Regular readers of DOMEocracy are aware of recent assertions that Democrats must avoid the Sirens loosed by Donald Trump to lure the party to distraction and electoral calamity. Speaker Nancy Pelosi and the key chairmen directing the multiple investigations of Trump World have kept a heavy hand on the tiller, steering the party towards the inquiries while also moving forward on a vigorous legislative program, addressing issues that enjoy broad public support: immigration reform, campaign finance reform, expanded health services and economic equity.
In recent weeks, as noted in “The Trump Trap” (May 7), it has seemed obvious that Trump is determined to bait Democrats into pursuing impeachment, which would enable him to rally his base and attempt to persuade key swing voters – like those who restored Democrats to the House majority – that he is the victim of a pernicious, partisan attack.
Trump has ordered several current and former White House officials to defy congressional subpoenas, like Treasury Secretary Mnuchin who refused to turn over tax records sought by the House. In court, U.S. District Court judge Amit Mehta could barely contain his contempt for the implausible arguments offered by Trump’s attorney and ruled the secretary must comply with a lawful subpoena. Former White House counsel Don McGahn was ordered to defy a subpoena to elaborate on the many hours of testimony he willingly provided special counsel Robert Mueller. Attorney General Barr similarly blew off the House’s subpoena.
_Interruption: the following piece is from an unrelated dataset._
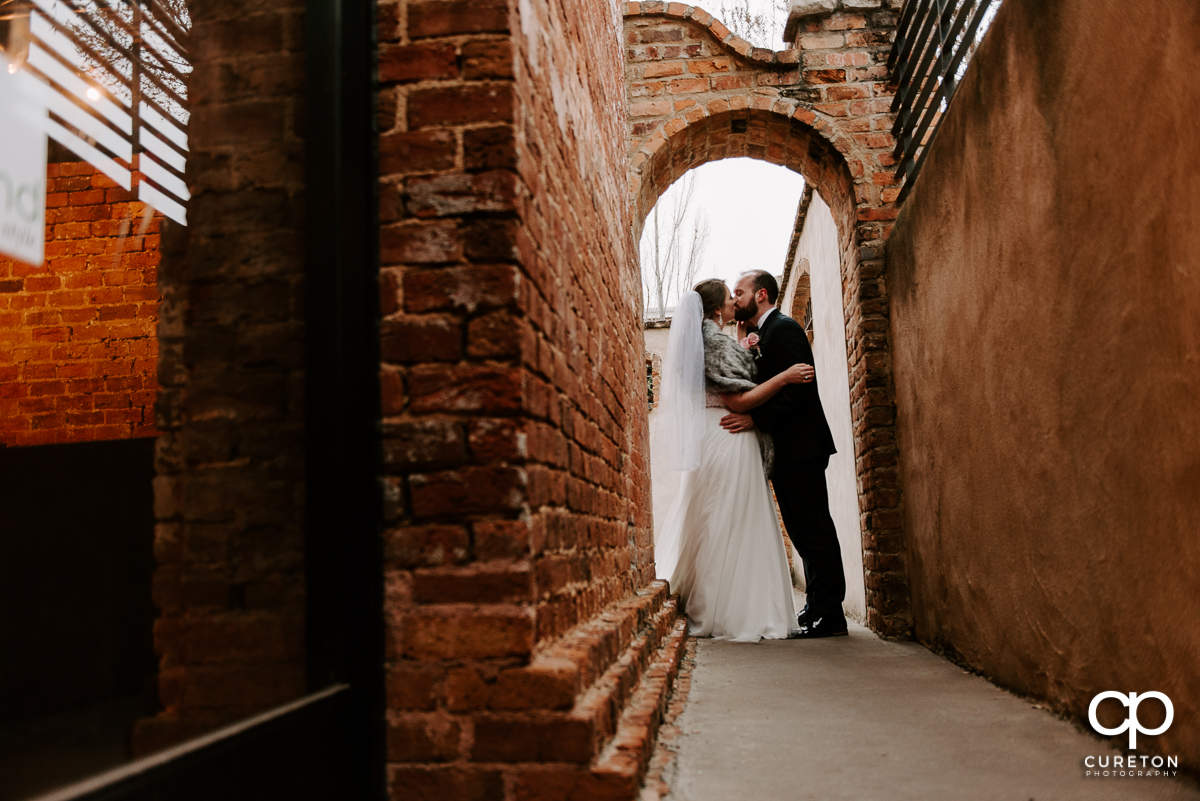 Groom kissing his bride outside of the Old Cigar Warehouse.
Trump doubtless thinks he has hit on a winning strategy, offering Democrats a number of unpalatable choices: concede an inability to force the administration to provide witnesses and materials (which seems unlikely), forcing the Congress to engage in a lengthy court challenge that would certainly stretch into the campaign season and conceivably beyond next year’s election, or entrapping Democrats into an extended impeachment inquiry that allows Trump to portray himself as a victim of an partisan witch hunt. Trump may well believe he cannot lose.
But actually, he can lose, and by his actions, he may be making his own position far more vulnerable.
So long as the “Congress versus Trump” battle revolved around the complexities of the Mueller report, the president could cite the special counsel’s findings of “no collusion” and the ambiguous conclusions on the obstruction of justice allegations. For Trump and his defenders, the more complicated the issue, the better a battle with the Democratic Congress would be.
But in defying Congress’ unquestionable oversight powers, which are not tied to whatever the Mueller report found (or did not find), Trump has reduced the basic charge against him to obstruction of Congress. Mueller no longer matters. The issue is now one of interfering with Congress’ assertion of its constitutional role as a co-equal branch of government, the flagrant defiance of the time-honored obligation of presidents and their administrations to respect the First Branch’s powers.
No president has come close to such a sweeping rebuke of Congress’ investigative rights since Richard Nixon, whose view of unrestricted executive power cost him the presidency. (One memorable Nixon quote: “If the president does it, it’s not illegal.”) Indeed, the third article of impeachment voted against Nixon by the Judiciary Committee 45 years ago declared that he had “failed without lawful cause or excuse to produce papers and things as directed by duly authorized subpoenas issued by the Committee on the Judiciary of the House of Representatives … and willfully disobeyed such subpoenas.”
Lawyers could (and doubtless will) expend enormous effort and substantial time arguing whether the subpoenas issued by chairmen Jerry Nadler and Richard Neal were “lawful,” but it seems the outcome of such litigation is all but certain, unless the courts are prepared to grievously undercut the separation of powers and the constitutional authority of the Congress.
There would be grand irony if Trump’s hubris in resisting lawful congressional demands, rather than any of his other irrational and likely illegal hijinks, provides the basis for impeachment. What is clear is that by so flaunting the institutional interests of Congress, Trump has simplified the charges against him, weakened his own argument and very possibly made it inevitable that Democratic leaders will feel institutionally compelled to move towards impeachment.